Friday, October 3, 2014

An upside down world

This is the start of a new blog which will be posted on the website of Equipping the Called.  My name is Chris, my wife Julie and I, who’ve been married for almost 25 years, began our adoption journey three years ago. We have two home grown (biological) children, two adopted, and another waiting to come home next year.   I am a soon to be 51 year old retiree from the Illinois State Police, I love to hunt, I love to ride my Harley, I love my family, but most importantly I love my Lord and Savior Jesus Christ.  There it is, I’ve laid it all out on the line, if any of the aforementioned offended you, I suggest you stop reading now.  As for the rest of you, this hunting, riding, family man who loves Jesus will be sharing stories about children in crisis, adoption and foster care.  I have no desire to become rich because I already am.  Well, not rich monetarily, but rich with family and friends, rich with children, rich with my love for Christ, and I really do have a pretty nice Harley in the garage.

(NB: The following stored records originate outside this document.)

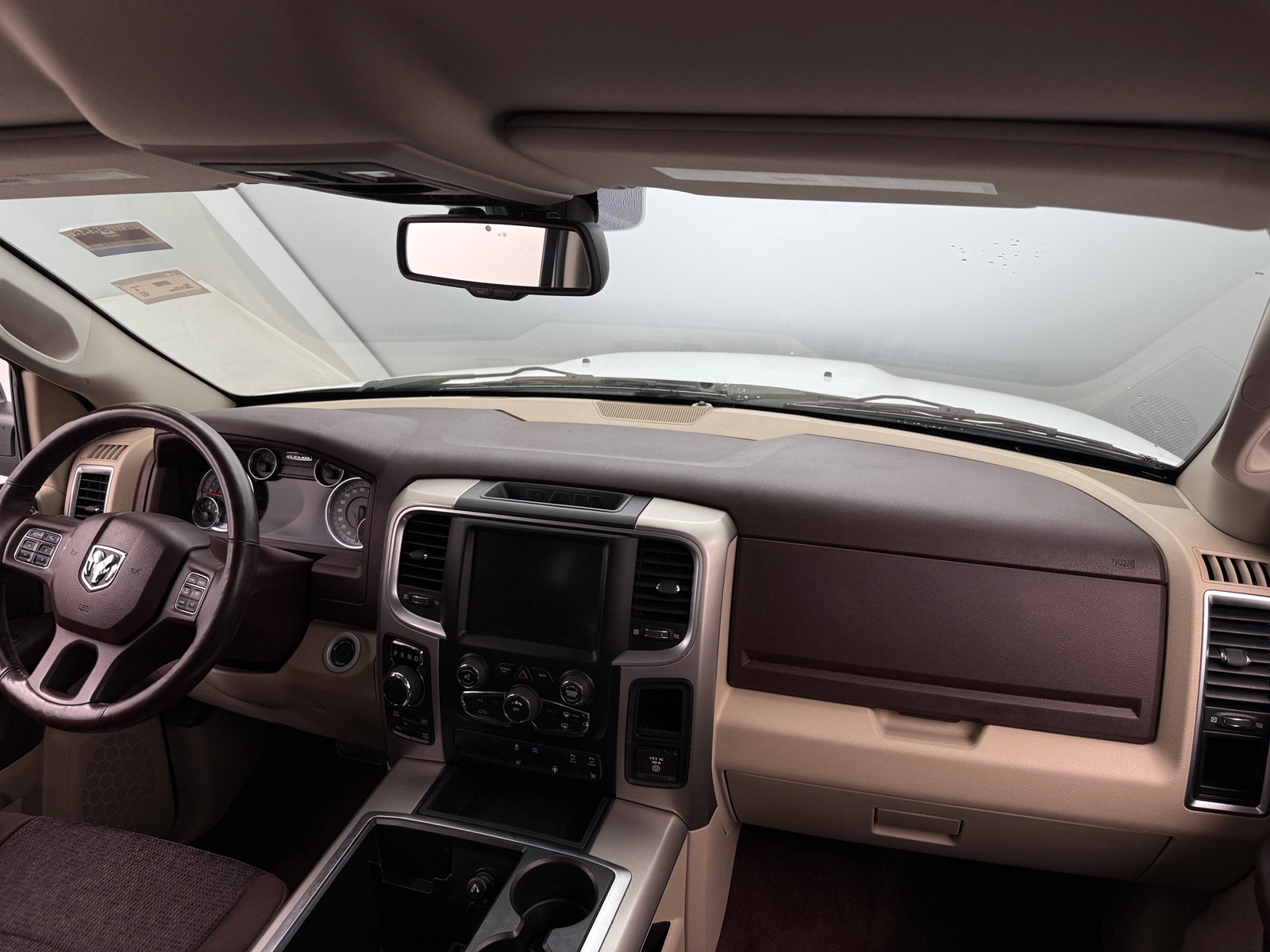 Thumbnail: 2014 RAM 1500 - 3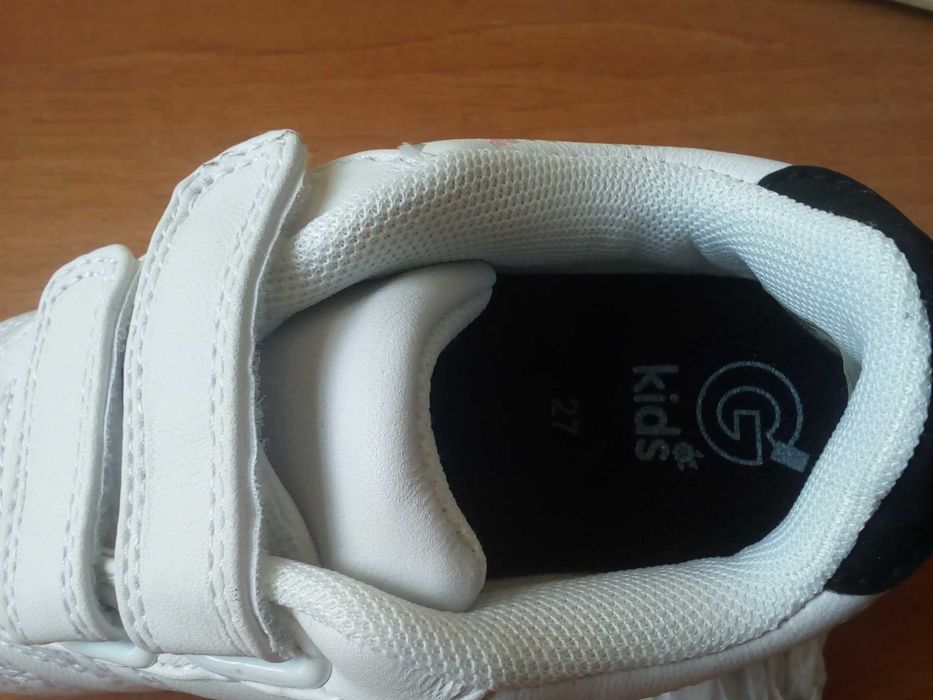 Кросівки GEMO kids для дівчинки р. 27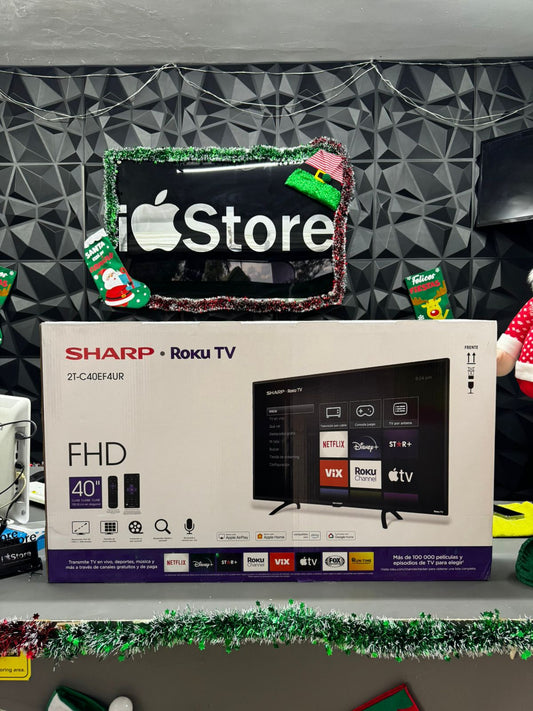 Sharp 40’’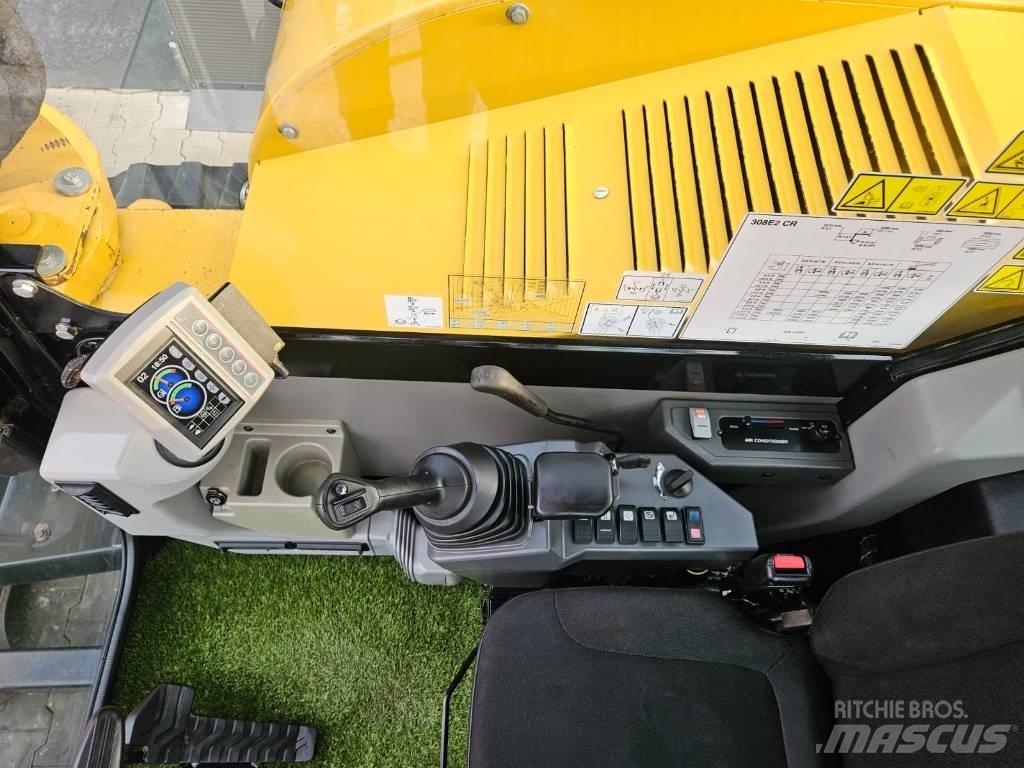 CAT 308 E 2 CR Excavatoare 7t - 12t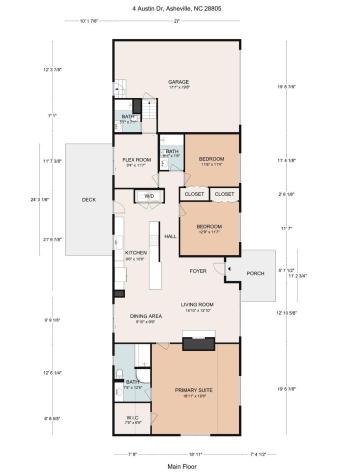 4 Austin Drive Asheville NC 28805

                There’s no pressure here, this is just my first blog for the website.  What should I write about, what do I share with you to make those of you I haven’t offended continue to want to read what I have to say.  Fortunately for me, my youngest son Isaac, who has special needs, fell off the couch the night before last while doing one of his famous dives.  Before you call children services, please know at the time of Isaac’s fall my heart was broken.  I reached for his chubby little ankle to catch him, but I was too late (stupid 51 year old reflexes.)    For those of you who don’t know Isaac, he was born with albinism and is sight impaired he is also the cutest boy to ever come out of China. So how does this help me write a blog you ask?   Easy, like I tell people, God’s always talking, you just have to take the time listen.  No, God didn’t toss Isaac off the couch so I could have a blog topic, but there is a parallel to Isaac’s fall and the story of adoption.

                As I stated earlier, Isaac is sight impaired, it brings him stability and great joy to be turned upside down.  I’m not a doctor, but somehow being upside down helps with his vision.  Many of us often go through life being sight impaired and don’t even know it.  We have different types of calamities occurring around us but somehow manage, or, choose not to see it.  It’s better to be blind and not know than to have your eyes opened and feel responsible about doing something.  You see I was blind for practically my entire life, I saw terrible things as a police officer, but really didn’t see what was happening.  On more than one occasion I picked up a toddler in East St. Louis to comfort them.  One time I had my picture made with a little girl, but it stopped there.  I felt really good about myself after this particular picture because it was posted in a State Police magazine, look at me, I held a toddler from the inner city, I must really care!  I could not see the entire picture, I was sight impaired. 

                Three years ago, God spoke to me.  No, there was no burning bush, no booming voice from the sky, but He spoke to me just the same.  He put adoption on my heart and soon it was on Julie’s heart.  We adopted my youngest daughter Ellie, followed by Isaac, and soon, Sophie.  All three have special needs, they have stolen my heart.  Three years ago God removed my blinders by turning me and my family upside down.  Like other sight impaired people, I soon found out being upside down provided me with peace, tranquility, and calm.  Being upside down provided me with the greatest joy anyone could ever know this side of heaven. Looking back being right side up seems so wrong.  You see we can keep our eyes closed posing for the photo ops in life, or, you can dive off the couch like Isaac and discover how great it is to have your world turned upside down by God’s greatest gift to us, adoption.